States slow to include 9/11 curriculum as part of education standards

Mike Moen, Greater Dakota News ServiceSeptember 10, 2021News
Without guidance from states, education researchers say, incorporating 9/11 lesson plans can be a difficult balancing act for teachers.

Researchers have noted 9/11 teachings are sometimes oversimplified and only come up around the anniversary. Photo Dakota News Service

PIERRE, S.D. — South Dakota is in the process of updating social studies standards for public schools. It comes amid national conversation about 9/11 curriculum ahead of the 20th anniversary of the attacks.

South Dakota’s plan isn’t getting a lot of attention concerning the events of 9/11. Education researchers say incorporating more lesson plans about the attacks has been slow in most states.

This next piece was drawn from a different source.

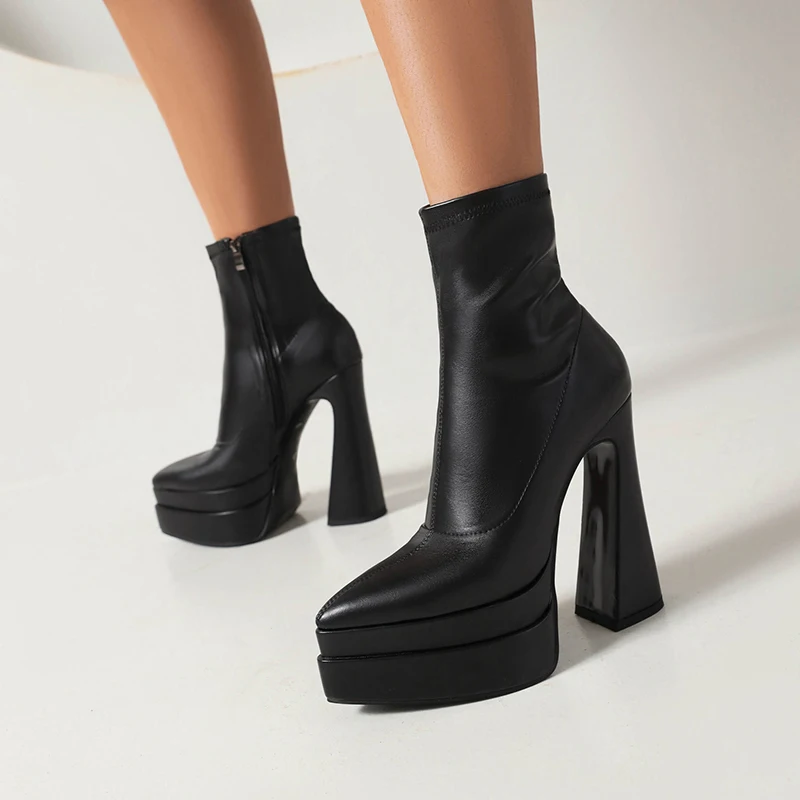 2024 Plus Size Super High Profiled Hollow Out Heel Sexy Stretch Boots Double Layer Platform Plush Inner Winter New Short Boots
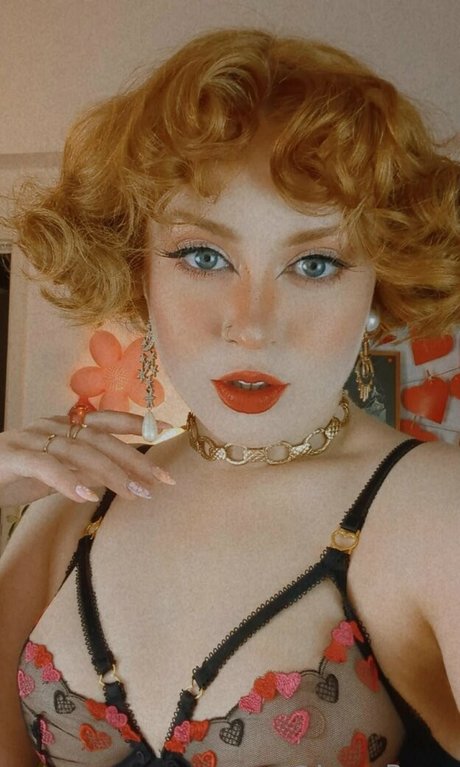 lunaroux nudes pornstar images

Cheryl Lynn Duckworth, professor of conflict resolution at Nova Southeastern University in Florida, said there are some barriers, including teachers needing to stick with what is required, to keep test scores up.

“The whole life of the school is testing and student scores,” Duckworth explained. “So, if a subject like 9/11 is not embedded in the curriculum — and more often than not it isn’t — it can be very, very difficult to carve out any time.”

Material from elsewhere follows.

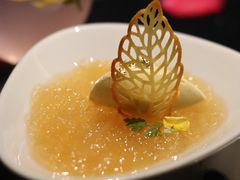 豆奶冰淇淋燕窝-wann lounge 低温慢煮牛排·清吧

Only 14 states have the subject as part of their required materials.

The proposed update from the South Dakota Department of Education does mention 9/11 among events for high-school students to learn about. The draft plan said officials want higher grade levels to be more exposed to the more recent decades of U.S. history.

Duckworth said even though it has been 20 years since the attacks on New York and Washington, it still can be emotional for teachers who lived through the experience. For those who do find time to approach the subject, they’re navigating a complex and sometimes controversial topic.

“It can be very difficult to do any kind of justice to teaching about 9/11 without talking about some political events, right?” Duckworth acknowledged. “Our response to 9/11, Islamophobia.”

Other researchers have noted 9/11 teachings are sometimes oversimplified and only come up around the anniversary.

Duckworth emphasized despite the obstacles, it is important for middle and high-school students to dive deeper into the topic.

“They need to be able to develop those democratic skills of critical thinking and debate,” Duckworth contended.

She added the events surrounding 9/11 can help shape those skills. Public comment on South Dakota’s proposed standards will begin on Sep. 20 with a hearing in Aberdeen.